— Input records —

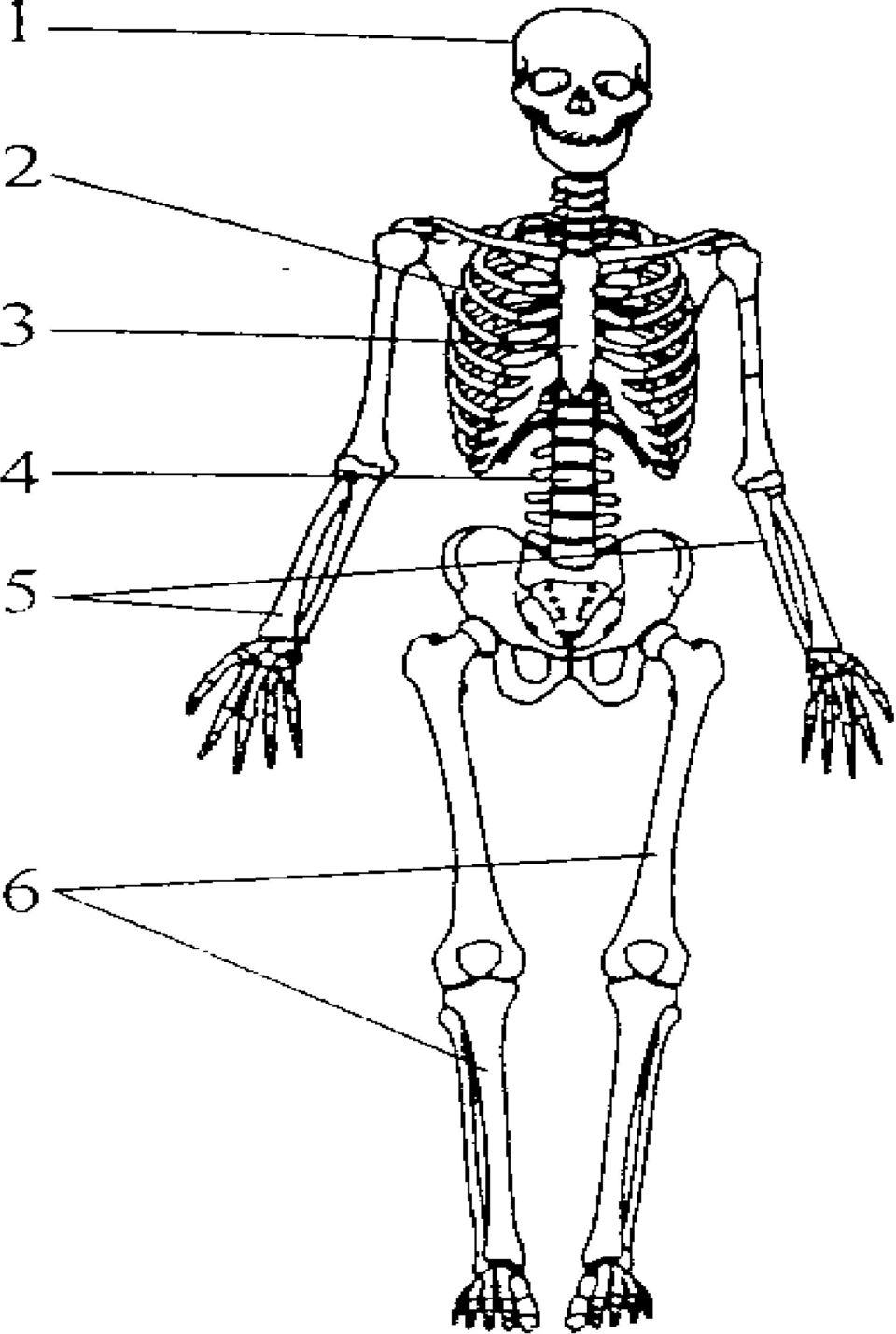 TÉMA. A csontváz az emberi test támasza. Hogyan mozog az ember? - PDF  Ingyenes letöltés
---
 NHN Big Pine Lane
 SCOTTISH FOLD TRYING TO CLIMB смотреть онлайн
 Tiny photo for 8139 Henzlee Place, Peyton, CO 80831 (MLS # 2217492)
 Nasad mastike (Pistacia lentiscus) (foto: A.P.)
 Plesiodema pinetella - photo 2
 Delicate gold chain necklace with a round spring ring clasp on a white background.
--
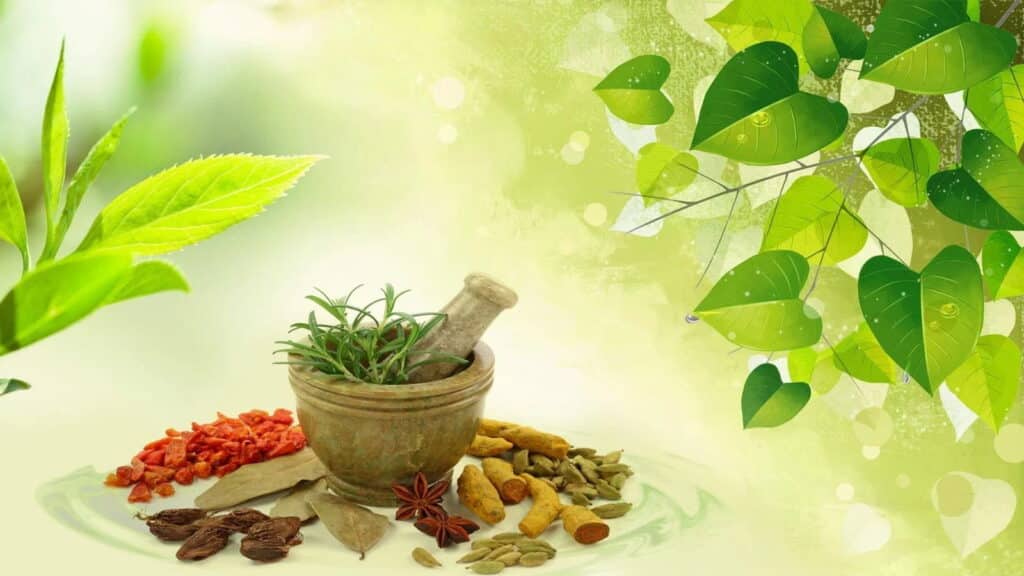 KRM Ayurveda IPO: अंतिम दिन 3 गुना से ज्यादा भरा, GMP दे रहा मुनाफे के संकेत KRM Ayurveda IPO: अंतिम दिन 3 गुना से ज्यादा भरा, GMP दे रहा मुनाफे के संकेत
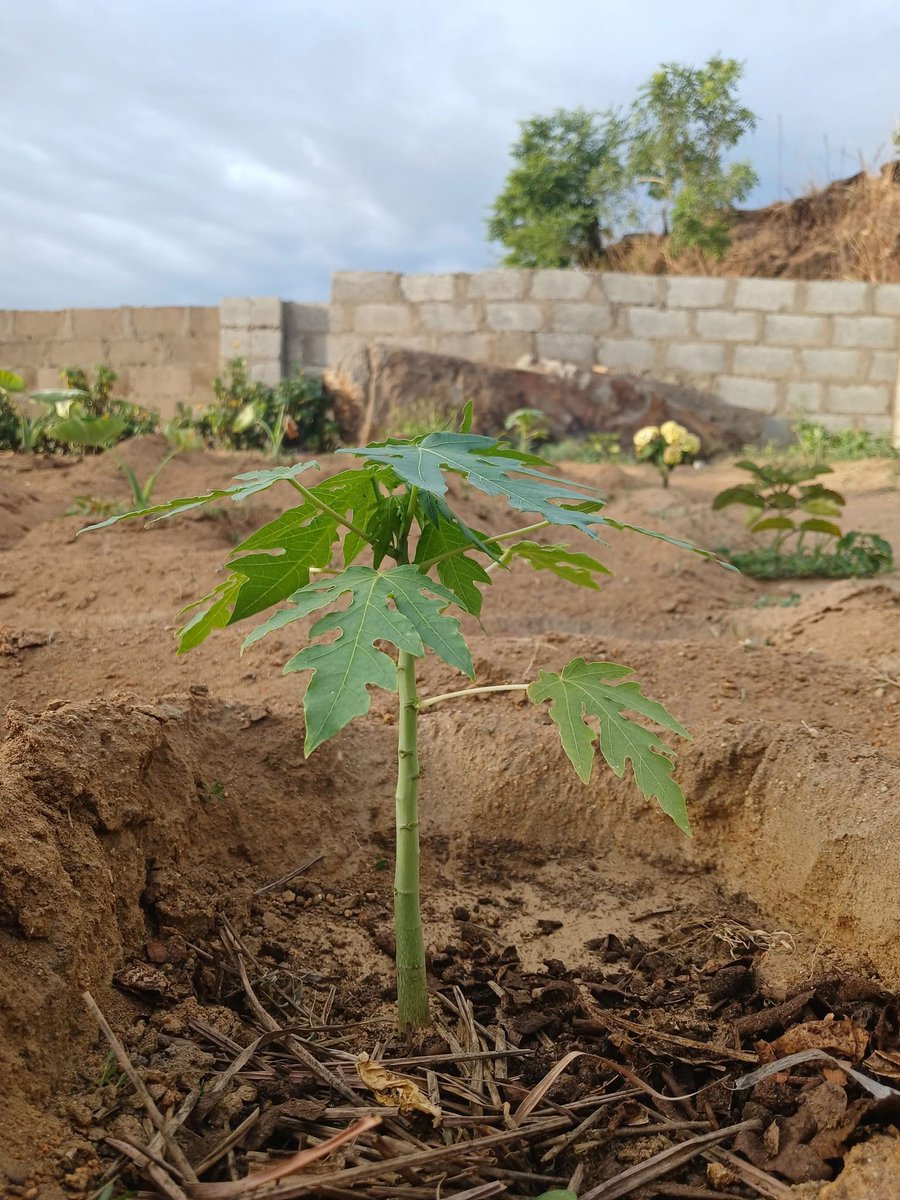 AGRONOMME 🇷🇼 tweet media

— Prompt —
Look through the records and copy every line that has the word "photo".

— Answer to the problem —
 Tiny photo for 8139 Henzlee Place, Peyton, CO 80831 (MLS # 2217492)
 Plesiodema pinetella - photo 2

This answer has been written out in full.